# What the task asks
Every entry below should be reproduced exactly; no picture is to be included.

# Web page caption snippets
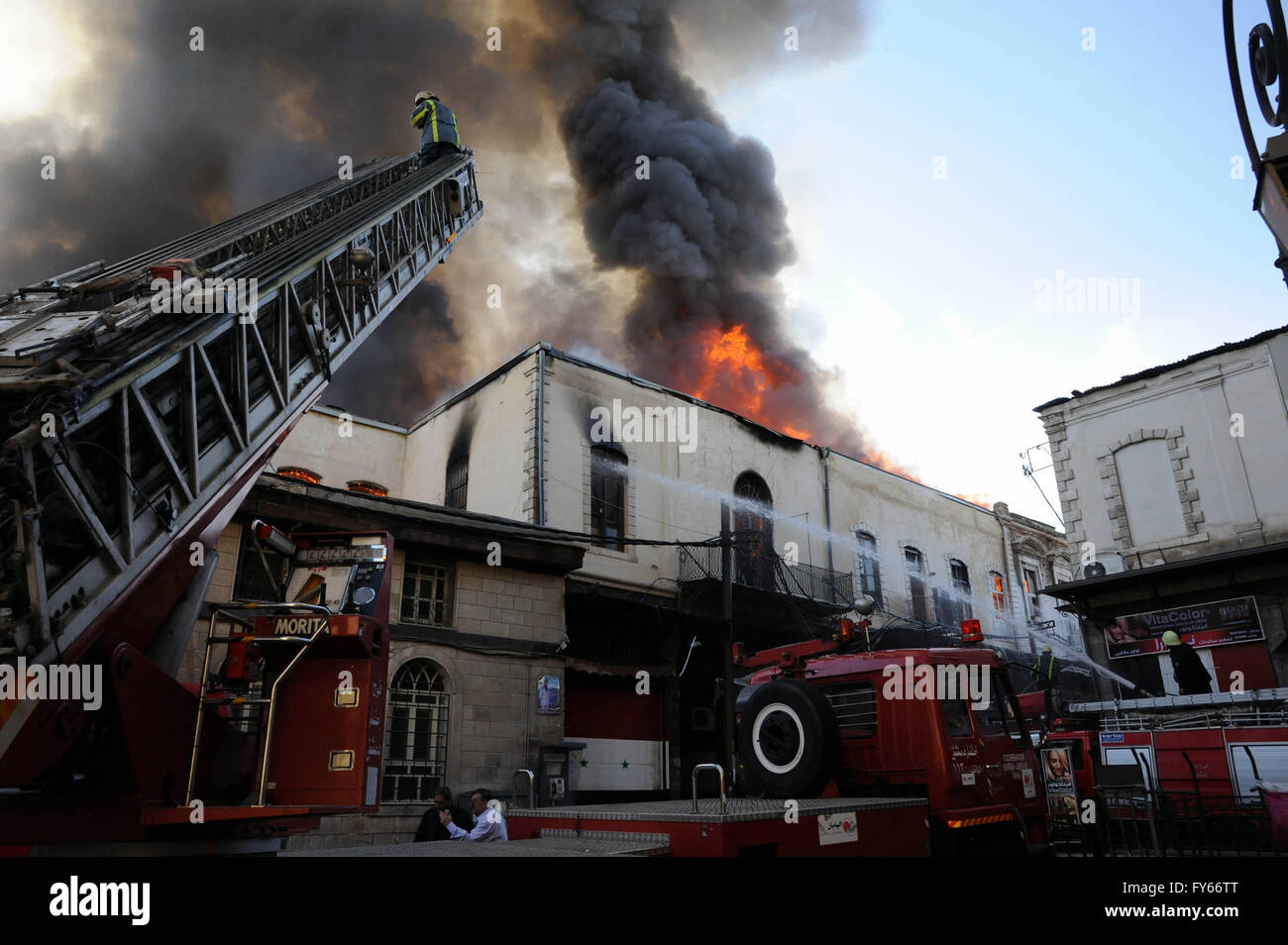 Damaskus, Syrien. 23. April 2016. Eine riesige Wolke aus Rauch und Feuer Aufstieg über den alten Markt von Al-Assroniyah-Markt, der sich zwischen der historischen Zitadelle und die berühmten Souk Al-Hamidiyah in der alten ummauerten Stadt Damaskus, Hauptstadt von Syrien, am 23. April 2016. Ein großes Feuer brach aus in Al-Assroniyah frühen Samstagmorgen, verursacht große Sachschäden. Offizielle wurde berichtet, dass das Feuer durch einen Kurzschluss verursacht wurde. Bildnachweis: Ammar/Xinhua/Alamy Live-Nachrichten Stockfoto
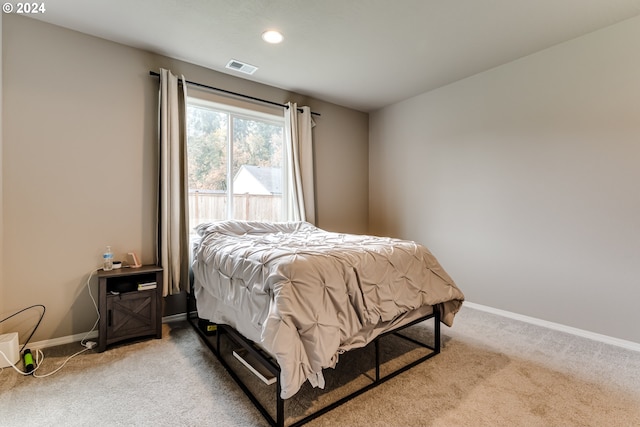 bedroom featuring light colored carpet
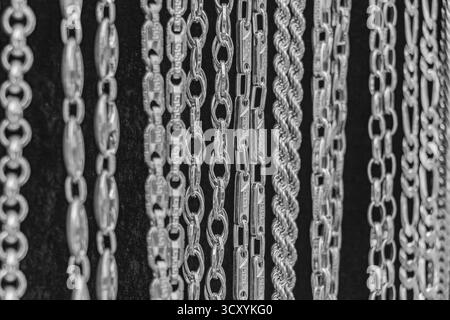 Un gros plan monochrome de diverses chaînes argentées suspendues en rangées sur un fond sombre. Chaque pièce affiche un savoir-faire fin et un motif de lien complexe Banque D'Images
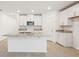 Modern kitchen with white cabinets, granite countertops and island at 2137 Rosewood Dr, Bartow, FL 33830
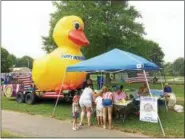  ?? EVAN BRANDT — DIGITAL FIRST MEDIA ?? A Pottstown Fourth of July classic, some people wait until the last minute to buy their tickets to the Rotary Club Duck Race, held in Manatawny Creek. This year, 185 people bought duck tickets in the park.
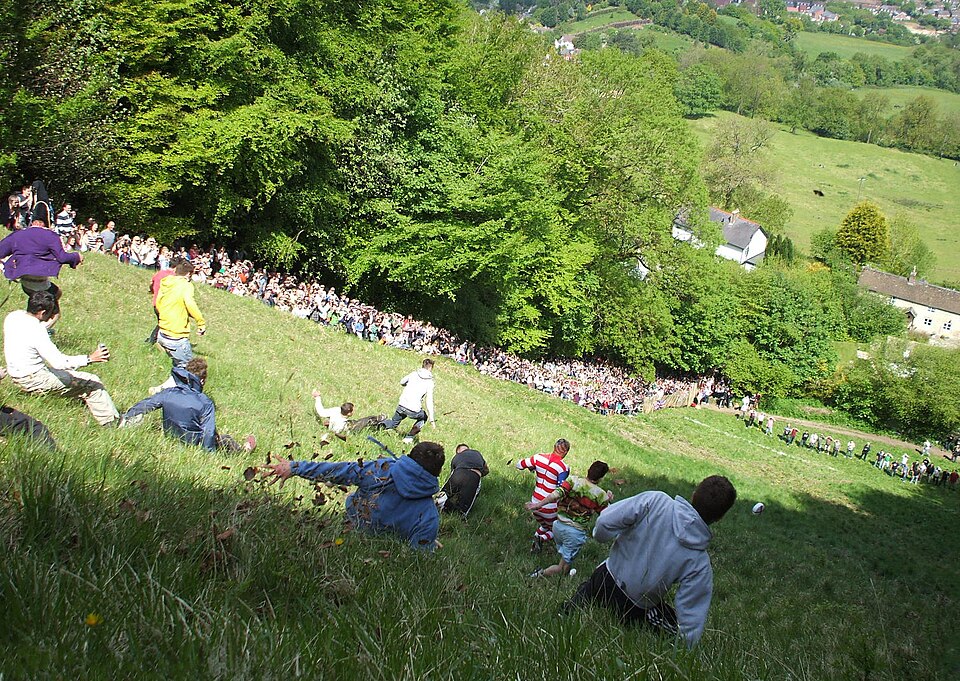 Competitors tumbling down the extremely steep Cooper Hill in Gloucestershire England during the annual cheese rolling race, watched by a crowd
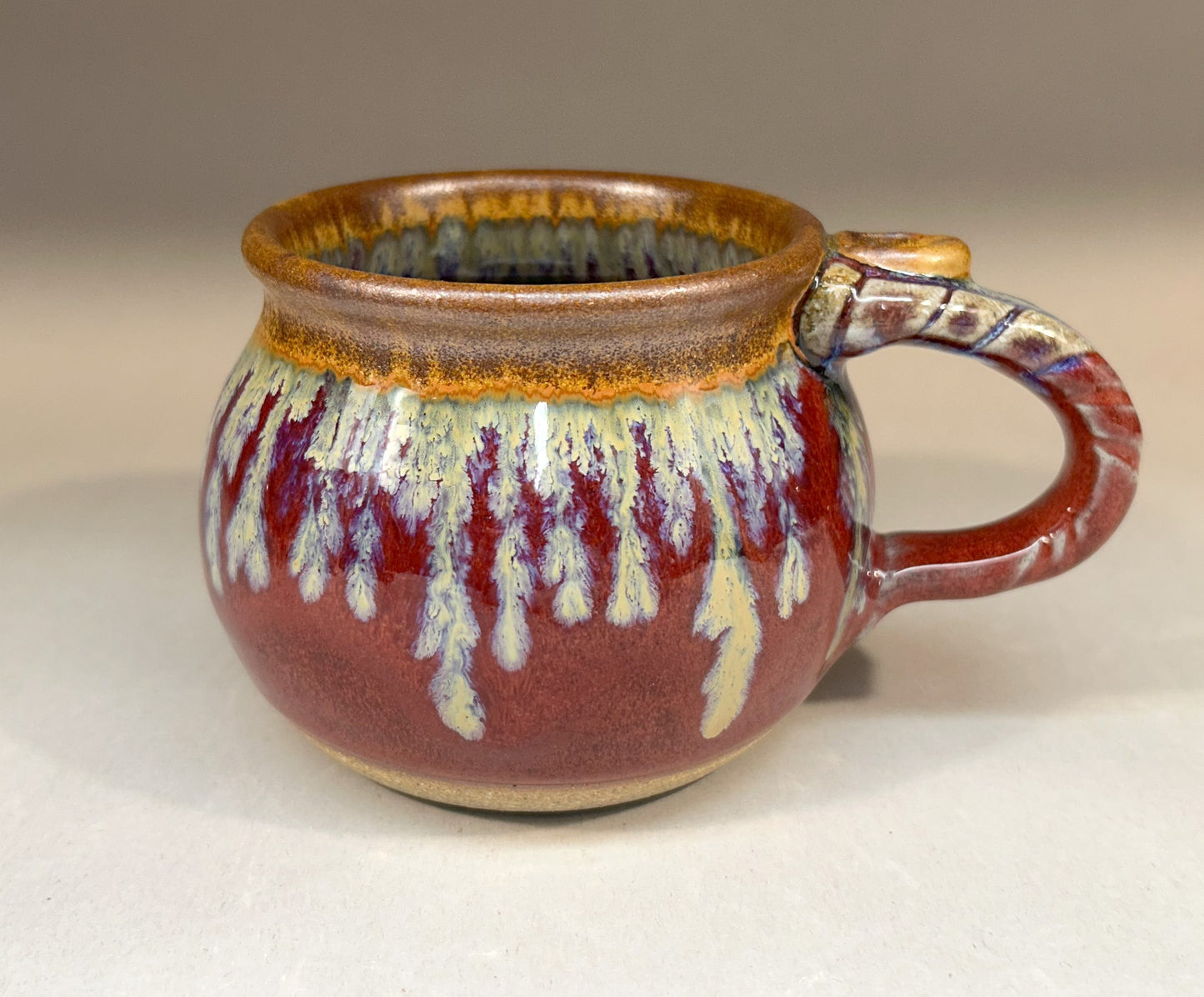 Round Handmade Pottery Mug with Copper Red & Iron Glaze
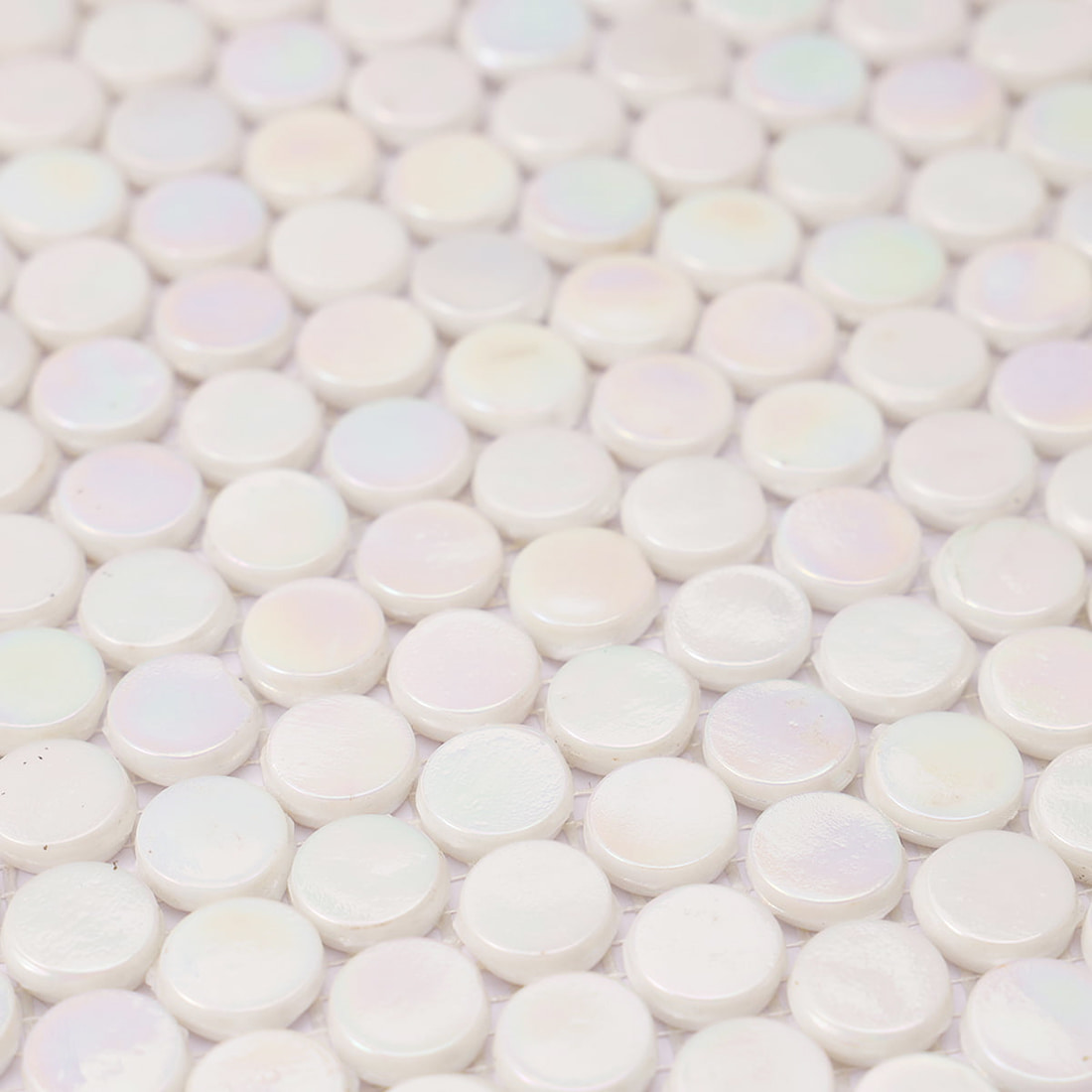 A perspective view highlighting the smooth and glossy surface of iridescent white penny tiles.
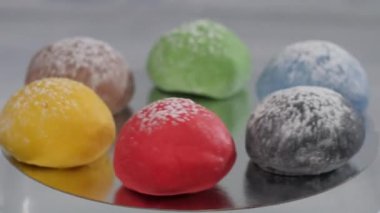 Altı kahverengi, yeşil, kırmızı, siyah, sarı ve siyah mochi kekleri ayna yüzeyinde yatarken dönüyorlar. Hafif bir arkaplanda pasta aromalarının sunumu.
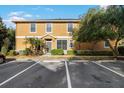 Exterior view of a bright, two-story house with ample parking spaces and mature landscaping at 16621 Kingletside Ct, Lithia, FL 33547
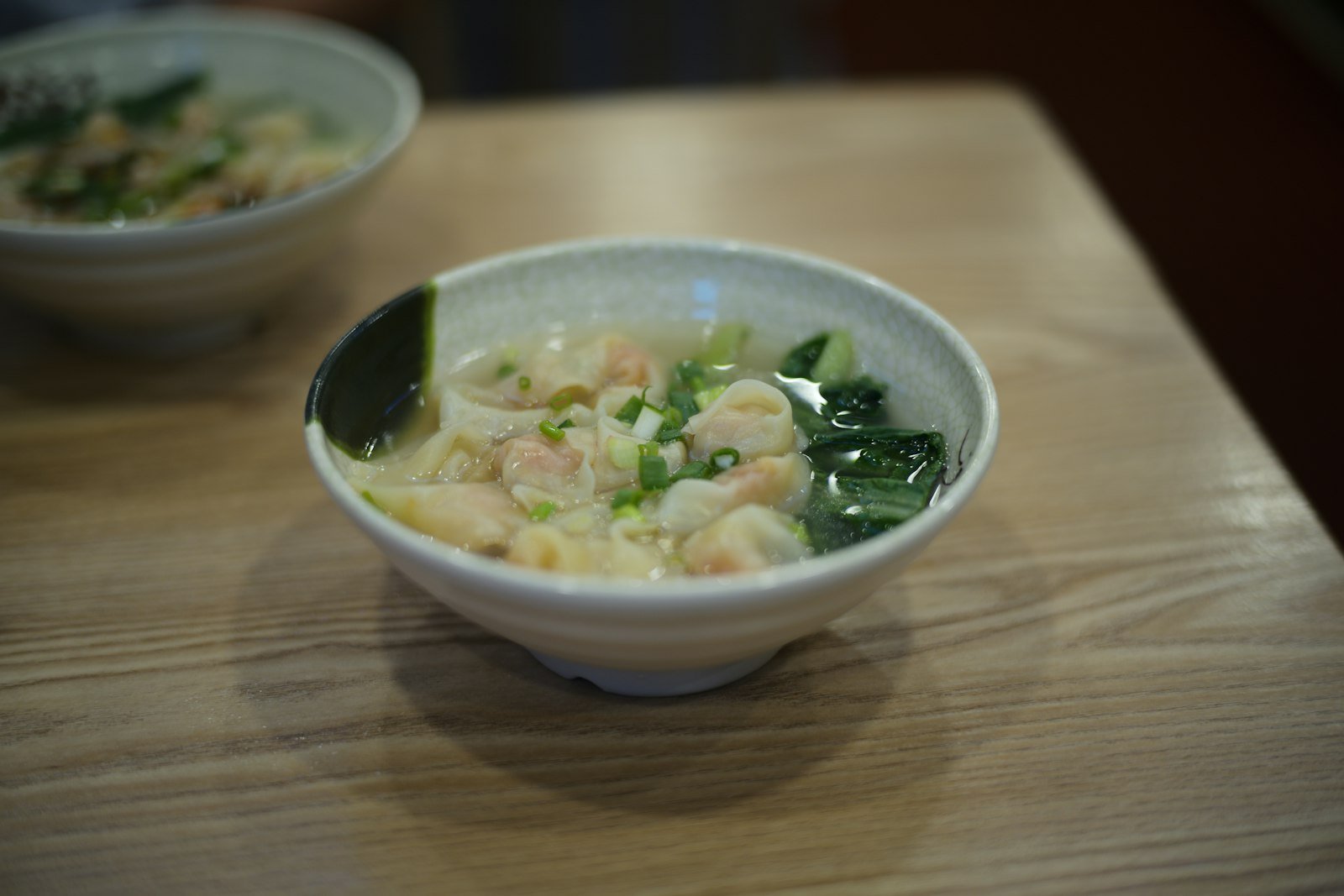 A bowl of Cantonese wonton noodle soup topped with spring onions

# Expected output
 Damaskus, Syrien. 23. April 2016. Eine riesige Wolke aus Rauch und Feuer Aufstieg über den alten Markt von Al-Assroniyah-Markt, der sich zwischen der historischen Zitadelle und die berühmten Souk Al-Hamidiyah in der alten ummauerten Stadt Damaskus, Hauptstadt von Syrien, am 23. April 2016. Ein großes Feuer brach aus in Al-Assroniyah frühen Samstagmorgen, verursacht große Sachschäden. Offizielle wurde berichtet, dass das Feuer durch einen Kurzschluss verursacht wurde. Bildnachweis: Ammar/Xinhua/Alamy Live-Nachrichten Stockfoto
 bedroom featuring light colored carpet
 Un gros plan monochrome de diverses chaînes argentées suspendues en rangées sur un fond sombre. Chaque pièce affiche un savoir-faire fin et un motif de lien complexe Banque D'Images
 Modern kitchen with white cabinets, granite countertops and island at 2137 Rosewood Dr, Bartow, FL 33830
  ?? EVAN BRANDT — DIGITAL FIRST MEDIA ?? A Pottstown Fourth of July classic, some people wait until the last minute to buy their tickets to the Rotary Club Duck Race, held in Manatawny Creek. This year, 185 people bought duck tickets in the park.
 Competitors tumbling down the extremely steep Cooper Hill in Gloucestershire England during the annual cheese rolling race, watched by a crowd
 Round Handmade Pottery Mug with Copper Red & Iron Glaze
 A perspective view highlighting the smooth and glossy surface of iridescent white penny tiles.
 Altı kahverengi, yeşil, kırmızı, siyah, sarı ve siyah mochi kekleri ayna yüzeyinde yatarken dönüyorlar. Hafif bir arkaplanda pasta aromalarının sunumu.
 Exterior view of a bright, two-story house with ample parking spaces and mature landscaping at 16621 Kingletside Ct, Lithia, FL 33547
 A bowl of Cantonese wonton noodle soup topped with spring onions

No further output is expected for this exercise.